Quelle: Herders Conversations-Lexikon. Freiburg im Breisgau 1854, Band 1, S. 418. Permalink: http://www.zeno.org/nid/20003225291


Pierer 1857

[368] Baschkiren (Baschkurt, d.i. Bienenzüchter), wohnen in den russischen Gouvernementen Wjätka, Perm Schamara u. Orenburg, etwa 300,000 Seelen an Zahl, sind semitischer Abstammung, muhammedanischen Glaubens, reden tatarisch, sind gute Reiter, unversöhnliche Feinde ihrer Nachbarn, der Kaisaken, denen sie auch an Muth u. Kraft überlegen sind, leben von Viehzucht, mitunter auch von Ackerbau, treiben Jagd, bringen den Winter in Dörfern zu u. bewohnen reine Holzstuben; im Sommer steht das ganze Dorf leer, Groß u. Klein ist mit dem Vieh auf dem Felde u. zieht mit Filzkibitken umher. Kumis (d.i. die in einem Schlauch gegohrene u. geschlagene Pferdemilch) u. Krut (d.h. steinhart getrockneter Käse) machen ihre vorzüglichste Nahrung aus. Ihre meisten Gebräuche sind tatarisch; ihr Obergeistlicherresidirt in Ufa. Übrigens sind sie treu, gefällig u. dienstfertig.

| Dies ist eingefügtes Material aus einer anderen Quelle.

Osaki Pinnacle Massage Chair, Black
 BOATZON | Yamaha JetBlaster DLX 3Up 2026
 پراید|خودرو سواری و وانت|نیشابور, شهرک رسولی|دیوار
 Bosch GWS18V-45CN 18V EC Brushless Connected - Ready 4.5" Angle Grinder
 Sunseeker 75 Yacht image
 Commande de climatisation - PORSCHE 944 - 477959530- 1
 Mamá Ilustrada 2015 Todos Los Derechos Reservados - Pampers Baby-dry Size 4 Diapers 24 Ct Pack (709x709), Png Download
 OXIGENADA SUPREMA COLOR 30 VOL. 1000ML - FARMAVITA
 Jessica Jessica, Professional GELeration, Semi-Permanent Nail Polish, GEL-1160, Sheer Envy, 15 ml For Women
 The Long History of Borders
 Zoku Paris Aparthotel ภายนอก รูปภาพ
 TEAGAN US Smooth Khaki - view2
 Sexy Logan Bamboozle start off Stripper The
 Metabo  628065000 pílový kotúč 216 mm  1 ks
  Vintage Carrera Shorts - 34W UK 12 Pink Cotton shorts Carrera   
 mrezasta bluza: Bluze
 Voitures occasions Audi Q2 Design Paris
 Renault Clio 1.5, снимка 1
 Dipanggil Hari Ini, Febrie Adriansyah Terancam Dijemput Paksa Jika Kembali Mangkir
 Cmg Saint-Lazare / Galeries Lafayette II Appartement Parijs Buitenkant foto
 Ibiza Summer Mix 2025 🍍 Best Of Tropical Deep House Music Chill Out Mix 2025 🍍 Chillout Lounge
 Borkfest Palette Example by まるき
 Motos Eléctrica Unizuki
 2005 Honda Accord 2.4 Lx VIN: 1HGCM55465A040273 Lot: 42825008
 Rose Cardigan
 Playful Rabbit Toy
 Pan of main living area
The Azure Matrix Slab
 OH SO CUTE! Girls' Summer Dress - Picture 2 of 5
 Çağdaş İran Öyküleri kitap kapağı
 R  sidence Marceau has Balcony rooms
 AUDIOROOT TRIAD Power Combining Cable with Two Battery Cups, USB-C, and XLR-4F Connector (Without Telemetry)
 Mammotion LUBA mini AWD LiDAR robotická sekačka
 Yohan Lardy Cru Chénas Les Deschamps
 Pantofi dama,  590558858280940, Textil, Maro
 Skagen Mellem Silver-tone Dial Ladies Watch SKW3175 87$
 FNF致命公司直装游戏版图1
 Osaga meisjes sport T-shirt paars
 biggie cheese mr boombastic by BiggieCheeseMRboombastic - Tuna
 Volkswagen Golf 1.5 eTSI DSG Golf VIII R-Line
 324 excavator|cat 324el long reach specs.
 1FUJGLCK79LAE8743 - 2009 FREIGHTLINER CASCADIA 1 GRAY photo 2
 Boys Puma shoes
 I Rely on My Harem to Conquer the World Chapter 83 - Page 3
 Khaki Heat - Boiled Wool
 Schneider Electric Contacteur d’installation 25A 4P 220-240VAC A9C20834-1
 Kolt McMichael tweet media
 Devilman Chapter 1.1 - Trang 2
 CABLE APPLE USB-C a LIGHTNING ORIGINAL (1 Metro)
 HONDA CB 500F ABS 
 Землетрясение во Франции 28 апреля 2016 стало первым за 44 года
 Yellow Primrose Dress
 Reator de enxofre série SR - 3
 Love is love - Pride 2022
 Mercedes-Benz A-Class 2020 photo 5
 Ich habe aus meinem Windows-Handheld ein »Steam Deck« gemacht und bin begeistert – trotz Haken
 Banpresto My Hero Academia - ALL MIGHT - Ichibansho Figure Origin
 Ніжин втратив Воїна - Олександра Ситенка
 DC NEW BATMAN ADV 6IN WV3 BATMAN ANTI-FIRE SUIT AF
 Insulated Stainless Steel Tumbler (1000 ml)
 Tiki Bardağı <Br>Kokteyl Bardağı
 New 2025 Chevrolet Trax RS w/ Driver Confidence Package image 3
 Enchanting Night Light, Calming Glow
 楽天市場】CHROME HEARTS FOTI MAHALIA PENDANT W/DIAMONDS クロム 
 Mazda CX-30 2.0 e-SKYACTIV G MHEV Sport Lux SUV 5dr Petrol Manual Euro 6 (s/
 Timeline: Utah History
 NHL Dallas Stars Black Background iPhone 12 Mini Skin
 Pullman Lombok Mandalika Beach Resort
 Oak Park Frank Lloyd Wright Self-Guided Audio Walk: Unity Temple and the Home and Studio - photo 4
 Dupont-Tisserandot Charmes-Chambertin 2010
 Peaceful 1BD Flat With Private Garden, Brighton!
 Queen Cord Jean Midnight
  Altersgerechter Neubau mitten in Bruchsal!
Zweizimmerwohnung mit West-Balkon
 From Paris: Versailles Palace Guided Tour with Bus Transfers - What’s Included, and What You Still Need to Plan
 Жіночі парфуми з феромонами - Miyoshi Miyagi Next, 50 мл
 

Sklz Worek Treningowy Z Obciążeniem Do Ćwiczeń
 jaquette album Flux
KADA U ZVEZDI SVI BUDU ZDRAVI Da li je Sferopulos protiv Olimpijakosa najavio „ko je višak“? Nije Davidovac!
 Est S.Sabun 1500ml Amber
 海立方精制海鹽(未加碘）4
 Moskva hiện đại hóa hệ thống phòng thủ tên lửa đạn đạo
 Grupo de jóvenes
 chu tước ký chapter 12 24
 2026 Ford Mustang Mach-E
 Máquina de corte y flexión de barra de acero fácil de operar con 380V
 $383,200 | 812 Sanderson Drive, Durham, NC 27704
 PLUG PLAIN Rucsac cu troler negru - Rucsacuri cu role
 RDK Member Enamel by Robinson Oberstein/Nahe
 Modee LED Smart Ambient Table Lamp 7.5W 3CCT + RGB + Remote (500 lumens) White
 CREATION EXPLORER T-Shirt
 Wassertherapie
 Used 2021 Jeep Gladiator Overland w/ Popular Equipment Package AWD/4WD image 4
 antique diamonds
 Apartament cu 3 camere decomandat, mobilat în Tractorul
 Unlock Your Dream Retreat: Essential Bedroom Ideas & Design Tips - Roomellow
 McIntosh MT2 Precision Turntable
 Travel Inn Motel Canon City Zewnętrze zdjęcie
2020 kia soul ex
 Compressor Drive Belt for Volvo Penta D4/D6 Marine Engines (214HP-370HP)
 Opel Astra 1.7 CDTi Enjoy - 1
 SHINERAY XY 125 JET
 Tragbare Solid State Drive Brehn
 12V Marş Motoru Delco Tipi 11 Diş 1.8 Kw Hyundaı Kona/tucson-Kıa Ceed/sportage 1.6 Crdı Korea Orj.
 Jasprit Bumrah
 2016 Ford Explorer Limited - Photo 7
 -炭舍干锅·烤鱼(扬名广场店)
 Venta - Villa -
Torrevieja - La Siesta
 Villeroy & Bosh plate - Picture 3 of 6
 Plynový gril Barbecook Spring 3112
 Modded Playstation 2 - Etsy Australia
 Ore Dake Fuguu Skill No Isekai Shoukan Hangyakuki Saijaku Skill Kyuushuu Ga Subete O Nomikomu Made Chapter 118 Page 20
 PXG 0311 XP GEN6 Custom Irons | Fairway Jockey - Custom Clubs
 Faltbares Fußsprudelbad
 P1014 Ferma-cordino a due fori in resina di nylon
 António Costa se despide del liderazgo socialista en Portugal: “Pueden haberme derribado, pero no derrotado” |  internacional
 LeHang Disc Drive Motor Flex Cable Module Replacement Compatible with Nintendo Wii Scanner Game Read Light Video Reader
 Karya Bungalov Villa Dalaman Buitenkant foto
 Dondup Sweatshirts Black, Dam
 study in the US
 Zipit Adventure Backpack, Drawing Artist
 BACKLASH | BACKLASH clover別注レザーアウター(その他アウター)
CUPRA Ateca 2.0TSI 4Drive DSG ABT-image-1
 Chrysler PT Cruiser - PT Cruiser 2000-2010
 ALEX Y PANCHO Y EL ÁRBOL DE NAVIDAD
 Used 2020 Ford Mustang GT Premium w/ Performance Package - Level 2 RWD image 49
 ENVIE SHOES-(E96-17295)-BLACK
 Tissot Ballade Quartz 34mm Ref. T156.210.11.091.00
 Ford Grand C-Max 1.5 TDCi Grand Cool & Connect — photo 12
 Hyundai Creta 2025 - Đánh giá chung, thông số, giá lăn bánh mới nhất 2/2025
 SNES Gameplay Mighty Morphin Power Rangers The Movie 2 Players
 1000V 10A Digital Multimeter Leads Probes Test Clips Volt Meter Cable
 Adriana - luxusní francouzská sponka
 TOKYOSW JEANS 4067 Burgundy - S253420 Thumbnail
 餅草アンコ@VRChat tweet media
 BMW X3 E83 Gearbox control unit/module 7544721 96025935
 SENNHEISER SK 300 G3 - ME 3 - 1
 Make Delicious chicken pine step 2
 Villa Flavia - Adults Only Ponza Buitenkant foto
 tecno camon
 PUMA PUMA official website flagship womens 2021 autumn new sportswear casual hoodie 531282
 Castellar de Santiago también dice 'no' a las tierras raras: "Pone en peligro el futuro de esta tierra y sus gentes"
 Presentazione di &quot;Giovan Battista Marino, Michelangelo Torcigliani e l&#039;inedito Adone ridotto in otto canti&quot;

Quelle: Pierer's Universal-Lexikon, Band 2. Altenburg 1857, S. 368. Permalink: http://www.zeno.org/nid/20009477667


Brockhaus 1911

[157] Baschkīren, eigentlich Baschkurt, türk.-tatar. Volk im südl. Uralgebirge, gegen 750.000 Köpfe, teils seßhaft, teils nomadisierend, bekennen sich zum Islam (Sunniten).